When toxins are present in a waterway, freshwater mussels are one of the first creatures to react. A new mussel-mounted sensor has been designed with this in mind, as a means of catching water pollution early.

Mussels feed by opening up their shells, then filtering tiny organisms out of the water. And even though the molluscs typically live in groups (aka beds), the members of those groups aren't usually all feeding at once.

This means that typically, they're opening and closing their shells independently of one another. That said, if a harmful waterborne substance flows through a group of mussels, they will all suddenly close their shells at the same time. And that's where the new sensor comes in.

Designed by a team at North Carolina State University, it's made up of two linked inertial measurement units (IMUs).
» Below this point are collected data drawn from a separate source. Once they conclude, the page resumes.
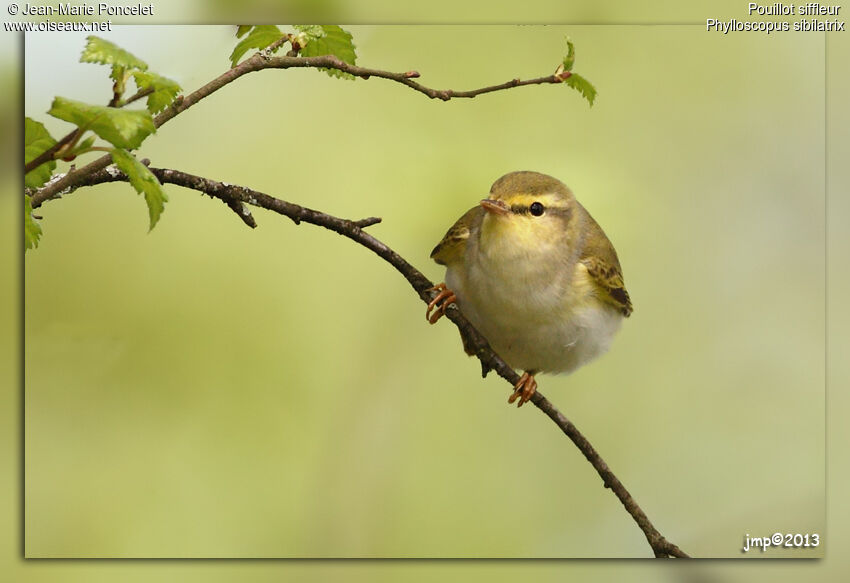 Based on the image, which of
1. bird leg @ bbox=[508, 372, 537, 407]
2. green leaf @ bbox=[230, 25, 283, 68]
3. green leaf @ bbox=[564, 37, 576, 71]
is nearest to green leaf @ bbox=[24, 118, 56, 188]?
green leaf @ bbox=[230, 25, 283, 68]

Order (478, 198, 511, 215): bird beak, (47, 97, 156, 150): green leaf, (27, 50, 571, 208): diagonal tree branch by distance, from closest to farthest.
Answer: (47, 97, 156, 150): green leaf → (27, 50, 571, 208): diagonal tree branch → (478, 198, 511, 215): bird beak

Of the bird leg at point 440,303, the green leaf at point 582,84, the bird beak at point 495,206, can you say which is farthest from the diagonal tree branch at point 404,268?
the green leaf at point 582,84

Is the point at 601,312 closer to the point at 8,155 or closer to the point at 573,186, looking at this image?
the point at 573,186

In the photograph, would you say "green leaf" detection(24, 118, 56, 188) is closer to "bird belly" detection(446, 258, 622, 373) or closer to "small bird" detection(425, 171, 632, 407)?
"small bird" detection(425, 171, 632, 407)

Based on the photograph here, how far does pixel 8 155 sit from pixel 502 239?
1253mm

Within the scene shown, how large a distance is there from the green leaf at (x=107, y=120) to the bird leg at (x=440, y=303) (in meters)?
1.10

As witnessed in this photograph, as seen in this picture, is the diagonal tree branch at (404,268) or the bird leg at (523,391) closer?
the diagonal tree branch at (404,268)

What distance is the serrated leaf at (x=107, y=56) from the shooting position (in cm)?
148

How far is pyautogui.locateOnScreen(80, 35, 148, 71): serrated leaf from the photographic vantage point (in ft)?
4.87

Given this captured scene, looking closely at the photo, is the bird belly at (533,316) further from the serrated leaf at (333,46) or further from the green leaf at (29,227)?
the green leaf at (29,227)

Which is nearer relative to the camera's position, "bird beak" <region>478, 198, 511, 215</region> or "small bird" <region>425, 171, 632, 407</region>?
"bird beak" <region>478, 198, 511, 215</region>

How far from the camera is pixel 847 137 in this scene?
262 centimetres

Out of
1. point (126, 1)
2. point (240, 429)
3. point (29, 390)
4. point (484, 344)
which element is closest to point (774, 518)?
point (484, 344)

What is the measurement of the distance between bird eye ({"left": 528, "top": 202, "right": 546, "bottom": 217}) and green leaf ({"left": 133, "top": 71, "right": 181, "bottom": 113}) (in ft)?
3.61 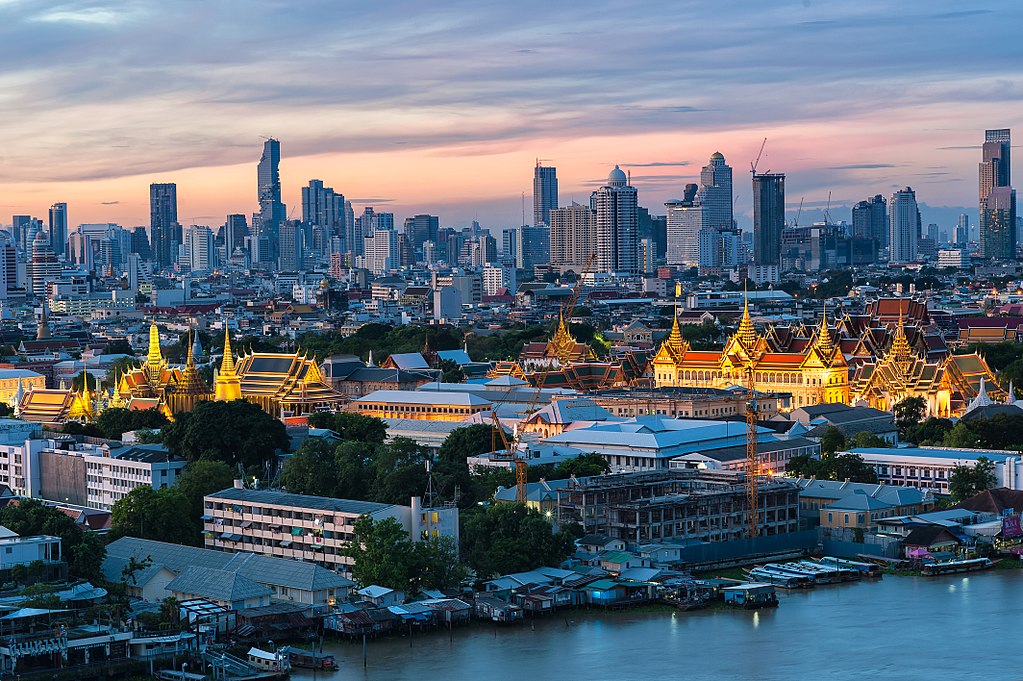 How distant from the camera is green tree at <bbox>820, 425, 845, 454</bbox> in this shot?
115 ft

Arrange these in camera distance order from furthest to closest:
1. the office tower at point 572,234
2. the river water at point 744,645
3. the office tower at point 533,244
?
the office tower at point 533,244, the office tower at point 572,234, the river water at point 744,645

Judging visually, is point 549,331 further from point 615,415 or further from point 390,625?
point 390,625

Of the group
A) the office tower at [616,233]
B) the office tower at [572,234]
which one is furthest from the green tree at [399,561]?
the office tower at [572,234]

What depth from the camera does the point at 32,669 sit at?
20.5m

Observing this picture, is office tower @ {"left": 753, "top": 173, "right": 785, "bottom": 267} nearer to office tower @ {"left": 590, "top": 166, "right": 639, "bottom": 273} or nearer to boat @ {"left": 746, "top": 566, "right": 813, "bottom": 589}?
office tower @ {"left": 590, "top": 166, "right": 639, "bottom": 273}

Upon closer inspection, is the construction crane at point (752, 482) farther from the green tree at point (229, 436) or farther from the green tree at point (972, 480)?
the green tree at point (229, 436)

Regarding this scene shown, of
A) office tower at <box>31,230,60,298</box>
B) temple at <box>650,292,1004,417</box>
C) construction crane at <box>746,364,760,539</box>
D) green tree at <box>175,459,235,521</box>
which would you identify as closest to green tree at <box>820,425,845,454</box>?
construction crane at <box>746,364,760,539</box>

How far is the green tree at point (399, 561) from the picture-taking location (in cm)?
2384

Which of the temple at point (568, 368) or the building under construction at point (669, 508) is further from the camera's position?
the temple at point (568, 368)

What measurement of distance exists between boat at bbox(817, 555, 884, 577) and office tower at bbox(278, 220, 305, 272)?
151371mm

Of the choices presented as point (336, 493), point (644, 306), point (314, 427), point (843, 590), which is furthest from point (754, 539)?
point (644, 306)

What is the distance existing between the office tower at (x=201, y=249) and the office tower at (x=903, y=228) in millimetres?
60349

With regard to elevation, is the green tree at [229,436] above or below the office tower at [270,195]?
below

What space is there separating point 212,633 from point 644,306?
76.9 m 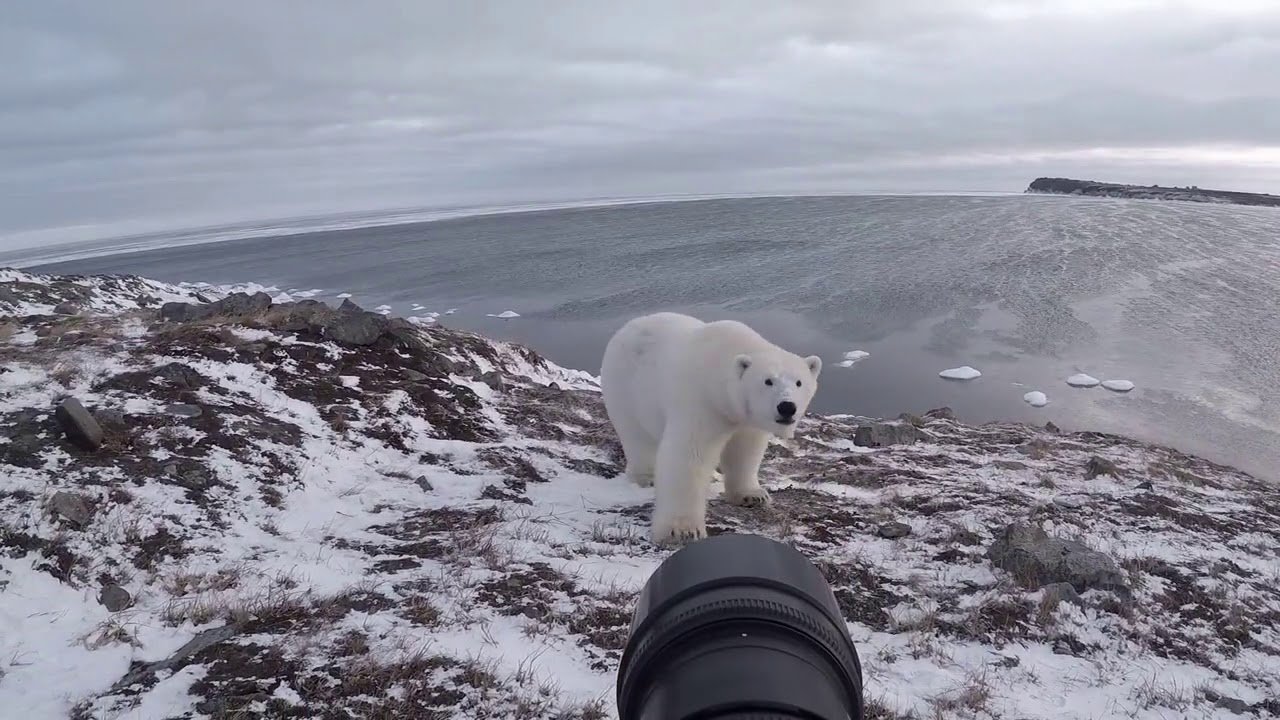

One IMU is adhered to one side of the mussel's shell, and the other is adhered to the other side. Each one contains an accelerometer and a magnetometer.

When the mussel shuts its shell, the two IMUs detect the action, as the angles of both sides of the shell suddenly change. Therefore, if multiple mussels in a single bed are equipped with the sensors, it's possible to tell if they all close their shells simultaneously.

All of the sensors for one group could be hard-wired to a solar-powered processor mounted on a stake within a stream. That unit would in turn continuously transmit data via a cellular network. If a group shell-shutting was detected, then authorities could immediately begin looking for the source of the toxin that presumably caused it.

Two of the wired-up mussels in a test tank
Two of the wired-up mussels in a test tank

When tested on freshwater mussels in fish tanks, the sensors consistently detected shell movements as small as less than one degree. And while the devices have so far been used on four mussels simultaneously, the technology could conceivably keep track of dozens at once.

"Our aim is to establish an 'internet-of-mussels' and monitor their individual and collective behavior," says Prof. Alper Bozkurt, who is leading the study along with Prof. Jay Levine. "This will ultimately enable us to use them as environmental sensors or sentinels."

A paper on the research was recently published in the journal IEEE Sensors Letters. Readers may also be interested in research carried out at Northwestern University, in which mussel-shaped "robomussel" sensors were created to track the effects of climate change on the marine environment.